A diffraction-limited image of GJ 625 taken by the 1.5-meter Carlos Sánchez Telescope searching for nearby companions. (Adapted from Suárez Mascareño et al.)

Based on a periodogram analysis of the RV and other data, Suárez Mascareño et al. found six different periodic signals. The longest, with a period of 3.4 years, was found in the activity indices and appears to be linked to the star’s magnetic activity cycle. Although significantly shorter than the 12-year cycle of the Sun, it is comparable in length to that found in similar size red dwarfs which are on the verge of being totally convective. The next longest 1.7-year signal is either a harmonic of the 3.4-year signal or the result of a “flip-flop” cycle of the spatial arrangement of active regions across GJ 625. The next group of signals found in the various data sets with periods of 74, 82 and 85 days appear to be related to the rotation of GJ 625. The spread of values could indicate differential rotation with regions closer to the poles moving more slowly. These rotation related effects create a periodic fluctuation in the RV with a semi amplitude of about 1.8 meters per second.

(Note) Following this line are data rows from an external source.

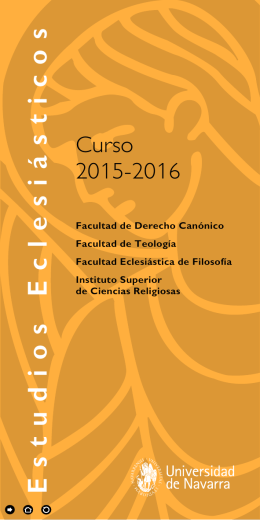 Folleto estudios eclesiásticos 15-16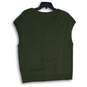 NWT Talbots Womens Green Knitted V-Neck Sleeveless Pullover Sweater Vest Size L image number 2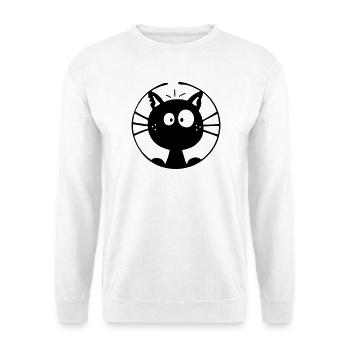 Mignon Chat - Sweat-shirt Unisexe - blanc - Devant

This leaves only one last periodic signal which is observed only in the RV data. This signal was found to have a period of 14.629±0.069 days and 14.629±0.077 days in the CCF and TERRA series, respectively, with semi amplitudes of 1.85±0.13 meters per second and 1.65±0.18 meters per second, repectively. Since there is no hint of this periodicity in the photometric data or activity indicators, the best explanation with a false alarm probability of <0.1% is an orbiting exoplanet now designated GJ 625b.

These plots show the RV measurements for GJ 625 derived from CCF (left) and TERRA (right) as a function of phase for an orbital period of 14.6 days. The individual measurement are shown in gray while the red dots are the averages of 0.1 phase bins. The solid blue line is the best fit to the data. Click on image to enlarge (Suárez Mascareño et al.)

A Markov Chain Monte Carlo (MCMC) Bayesian analysis performed by Suárez Mascareño et al. of the CCF and TERRA RV results found that the best fit for the data is an exoplanet in an orbit with a semimajor axis of 0.0784 AU and a period of 14.628±0.013 days. The analysis finds that GJ 625b has a minimum mass or Mpsini of 2.82±0.51 times that of the Earth (or ME). Since the inclination of the exoplanet’s orbit with respect to the plane of the sky, i, is not known, the actual mass of this exoplanet is almost definitely larger. But given the most probable actual mass values, Suárez Mascareño et al. have labelled this new find as a “super-Earth” – a term currently with no formal scientific definition but which is typically used to describe planets larger than the Earth (but not necessarily otherwise Earth-like) yet much smaller than Neptune which has a mass of 17 ME. So while the size of GJ 625b is consistent with it being a super-Earth, what about the claim made by Suárez Mascareño et al. that their new find orbits at the inner edge of the habitable zone (HZ)? Is GJ 625b even potentially habitable?

 

Potential Habitability

A thorough assessment of the habitability of any extrasolar planet would require a lot of detailed data on the properties of that planet, its atmosphere, its spin state, the evolution of its volatile content and so on. Unfortunately, at this very early stage, the only information typically available to scientists about extrasolar planets are basic orbit parameters, a rough measure of its size and/or mass and some important properties of its sun. Combined with theoretical extrapolations of the factors that have kept the Earth habitable over billions of years (not to mention why our neighbors are not habitable today), the best we can hope to do at this time is to compare the known properties of extrasolar planets to our current understanding of planetary habitability to determine if an extrasolar planet is “potentially habitable”. And by “habitable”, I mean in an Earth-like sense where the surface conditions allow for the existence of liquid water on the planet’s surface – one of the presumed prerequisites for the development of life as we know it. While there may be other worlds that might possess environments that could support life, these would not be Earth-like habitable worlds of the sort being considered here.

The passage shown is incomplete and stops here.